Your task -> Give all the lines below again, exactly, with no pictures.

Information shown ->
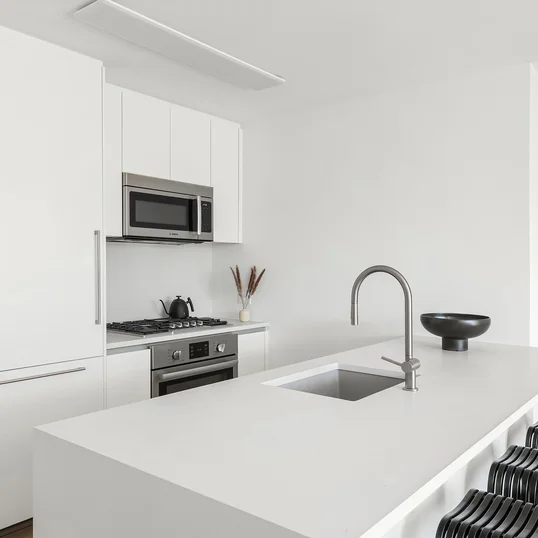 The sleek open kitchen features Scavollini Cabinetry, integrated paneled appliances, Bosch appliances, a silgranit sink, quartz caesarstone kitchen countertops, and a dishwasher. 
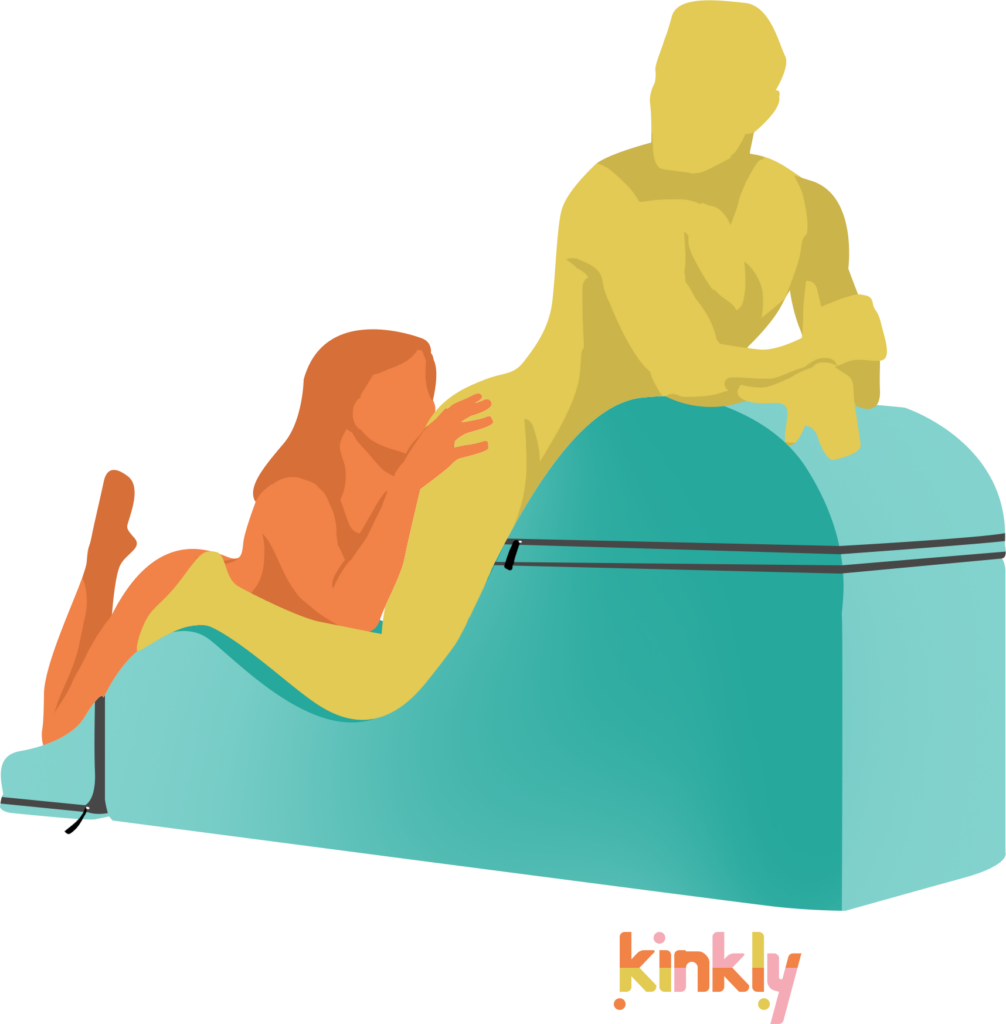 Indulgent Snacking Rimming oral sex position. The receiving partner is lying face down with their knees at the lowest point of the sex chaise and their abdomen supported by the tallest hill of the sex chaise. The giving partner is kneeling at the edge of the sex chaise, kneeling on a sex chaise pillow, to give rimming to the receiving partner's butt that's at face height. | Kinkly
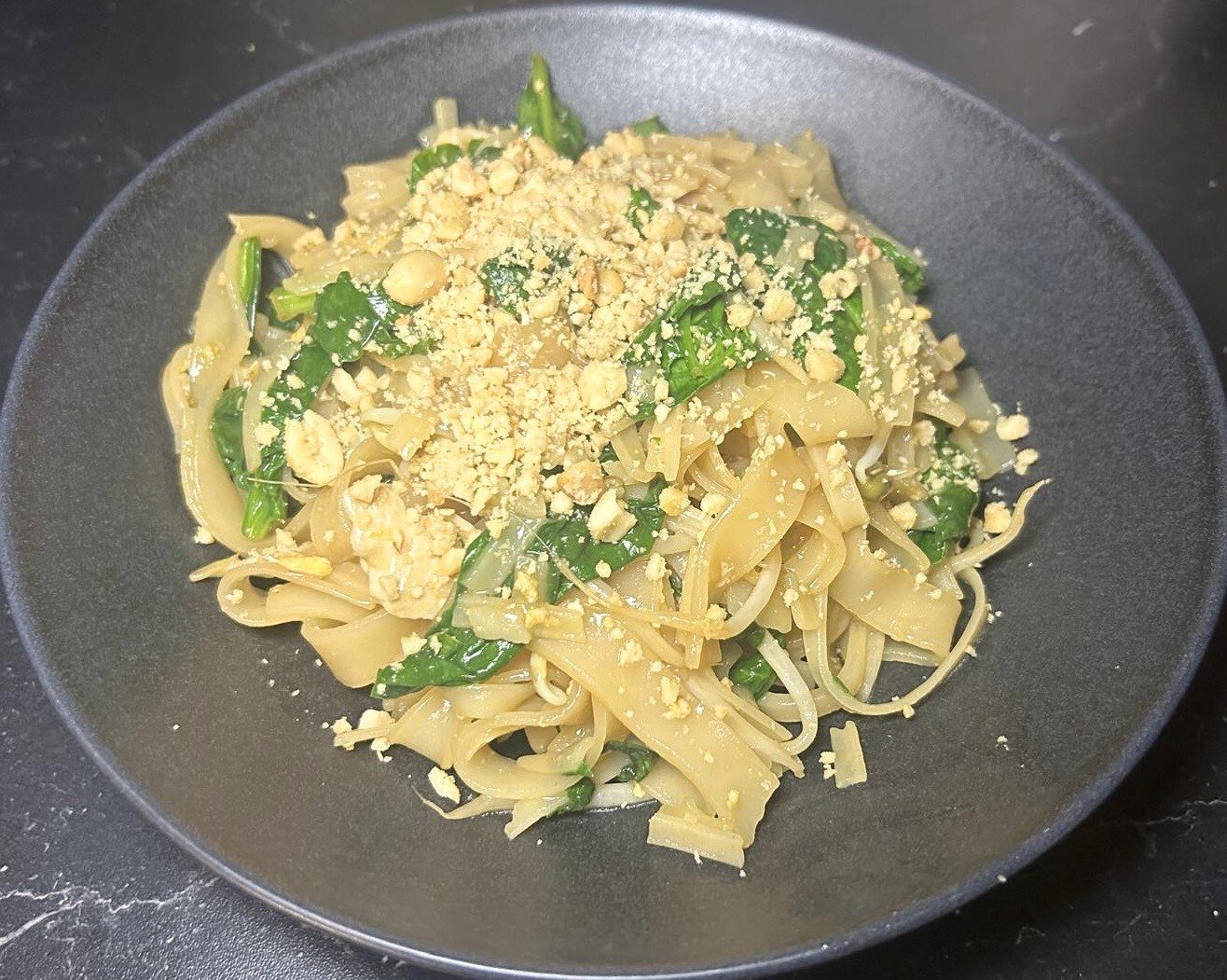 Easy chicken Pad Thai with rice noodles, tofu, peanuts, and fresh vegetables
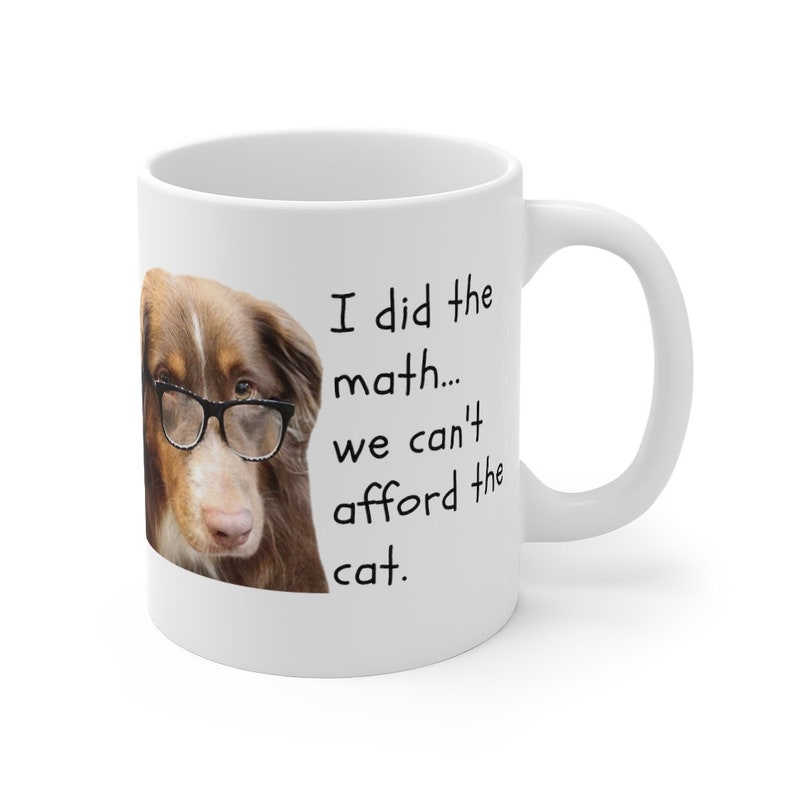 Puede incluir: Taza de caf&eacute; de cer&aacute;mica blanca con un perro marr&oacute;n y blanco que lleva gafas. La taza tiene el texto "Hice las cuentas... no podemos permitirnos el gato." impreso en ella.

Solution to this problem ->
 The sleek open kitchen features Scavollini Cabinetry, integrated paneled appliances, Bosch appliances, a silgranit sink, quartz caesarstone kitchen countertops, and a dishwasher. 
 Indulgent Snacking Rimming oral sex position. The receiving partner is lying face down with their knees at the lowest point of the sex chaise and their abdomen supported by the tallest hill of the sex chaise. The giving partner is kneeling at the edge of the sex chaise, kneeling on a sex chaise pillow, to give rimming to the receiving partner's butt that's at face height. | Kinkly
 Easy chicken Pad Thai with rice noodles, tofu, peanuts, and fresh vegetables
 Puede incluir: Taza de caf&eacute; de cer&aacute;mica blanca con un perro marr&oacute;n y blanco que lleva gafas. La taza tiene el texto "Hice las cuentas... no podemos permitirnos el gato." impreso en ella.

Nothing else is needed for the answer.